According to experts, there’s an easy way to prevent delayed-onset muscle soreness from occurring. Here’s how to do it at home.
12 August 2020| Last updated on 12 August 2020
All Credits: PA
There’s nothing greater than the euphoric feeling after a workout.
Dragging yourself out of a bed for an early morning cardio session is pretty much guaranteed to leave you on an endorphin-fuelled high that lasts well into the rest of the day.
What’s not so great are the aches and pains the morning after. If you’ve ever been unable to walk down the stairs after a gym session, you’ll be pleased to hear you’re not the only one.
So common is this fitness dilemma it even has an official name: Delayed onset muscle soreness (DOMS). The term relates to the pain and stiffness felt in your body after strenuous exercise, which happens due to small-scale damage to the muscle fibers.
But according to experts, there may be an easy way to avoid the embarrassment of hobbling around after a gruelling fitness session, one we’ve all been overlooking.

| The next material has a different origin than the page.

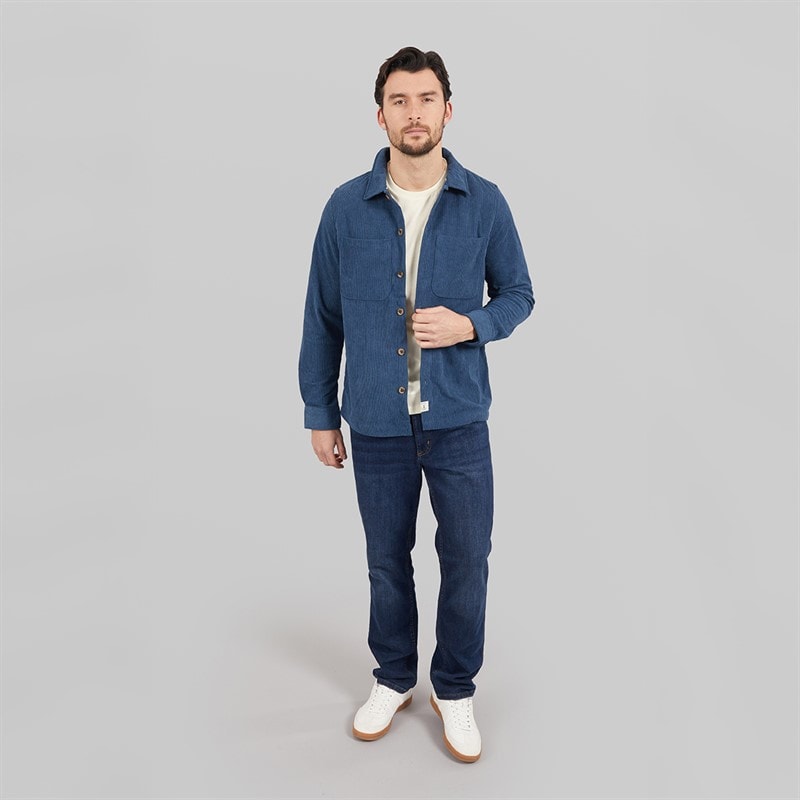 Saltwell Mens Langdale Cord Shirt Blue - Image 4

Clint Emerson, a former Navy Seal, told Business Insider that his platoon regularly managed to fend off muscle fatigue by ending their post-workout showers with a quick burst of ice-cold water.
It might not sound like the most pleasant morning routine, but according to Emerson, it really works.
"There’s actually some science to the madness of putting us in cold water,” he said.
- One, the reason professional athletes do it all the time after a workout is it increases recovery.”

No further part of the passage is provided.